Just Eat,

Redesigning Just Eat's checkout and search results page

Background

Just Eat is the world’s leading digital takeaway delivery service. They’re based in 13 countries with over 60,000 restaurants and more than 15 million customers.

During Just Eat’s rapid growth, they created a mobile-specific site which was inconsistent with desktop.

We needed to imrove order completion rates while creating a consistent and responsive site in-keeping with the impending brand refresh.

Process

We watched users make real order in our research lab as well in their own homes. And we ran bi-weekly A/B tests using Optimizely. We used the the results of this research to prioritise our work.

We usually started with sketching ideas out roughly on paper. Then we moved to higher fidelity prototypes in Sketch, Invision and HTML.

We had internal design crits and iterated until there were no major issues.

Redesigning the checkout flow

The existing single page checkout flow used accordion panels for each step. The team before us had believed that fewer clicks resulted in a better order completion rate.
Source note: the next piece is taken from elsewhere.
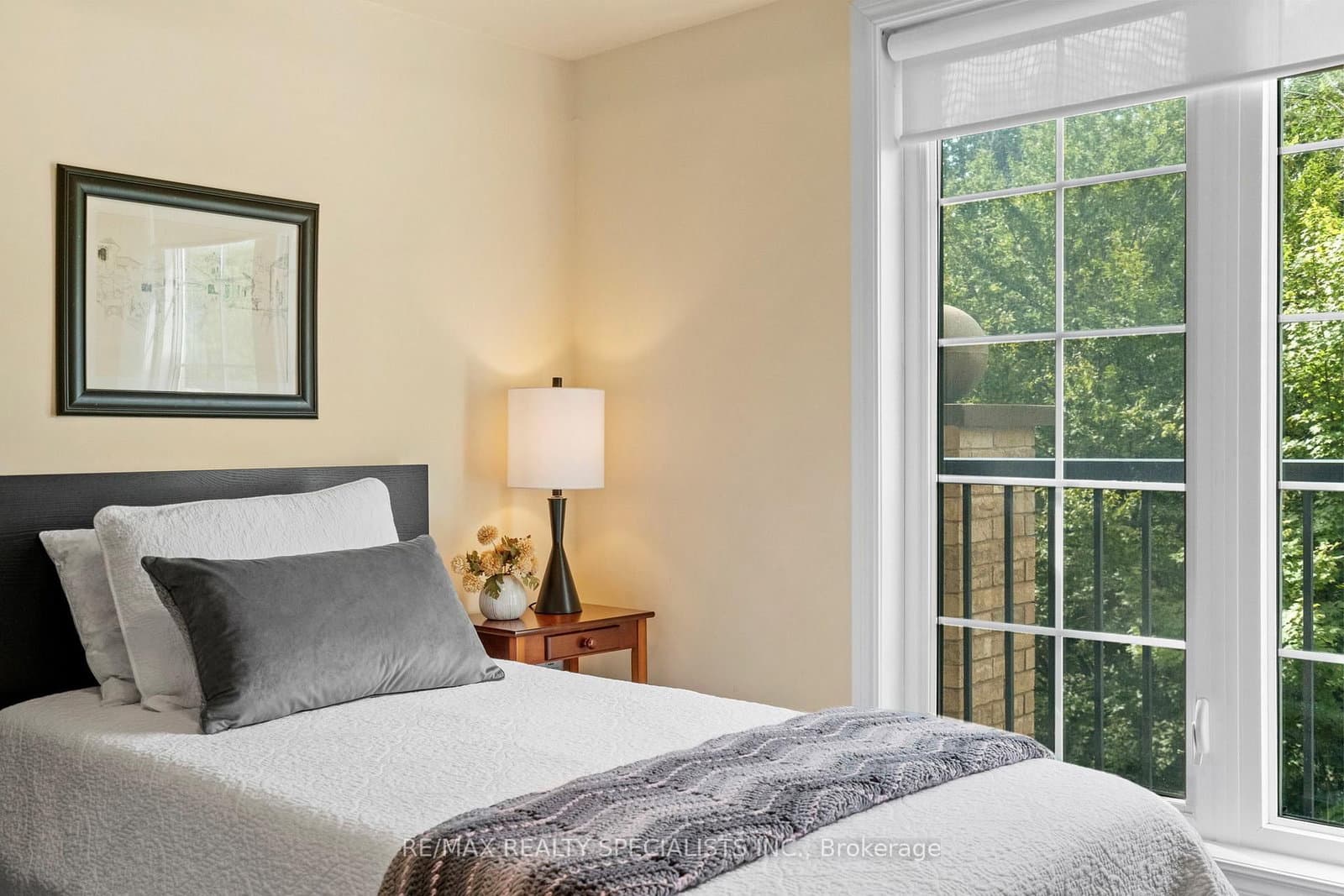 41 Ferndale Drive S, Unit 408 thumbnail 30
Illustration of existing single page checkout with accordion panels

But our research showed that users got stuck and spent time scrolling up and down the page to open and close panels.

And some interactions were inconsistent with each other. For example, the delivery page had multiple buttons but the other pages used radio buttons and a single button.
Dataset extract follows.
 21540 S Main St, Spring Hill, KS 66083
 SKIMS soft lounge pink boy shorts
We put each step on a page of its own with each page working consistently with just one button per page.

Illustration of new multi page checkout

Our research showed that users found this a lot easier and increased order completition rate by 5%.

I wrote an article for Smashing Magazine on the benefits of using One Thing Per Page.

Redesigning the search results page

The mobile version of the search results page was inconsistent with desktop. For example, mobile had no filters.

And we noticed the sort component used a select box without a submit button which is problematic.

Left: old search results page with sort menu in the top right without a submit button. Right: new search results page with consistent and accessible filter and sort options.

But we didn’t want to just add a button, because we were concerned users might have come to expect it to work without a separate click.

So we designed an accessible and responsive sort component that worked consistently on small and large screens.

On mobile, the options start collapsed to make space for the search results.

Left: filters collapsed. Right: filters expanded.

This work increased order completion rate by 3%.

Adam’s positive and pragmatic approach to solving problems shows through his strength of knowledge in building cross-browser, accessible and progressively enhanced interfaces used by millions.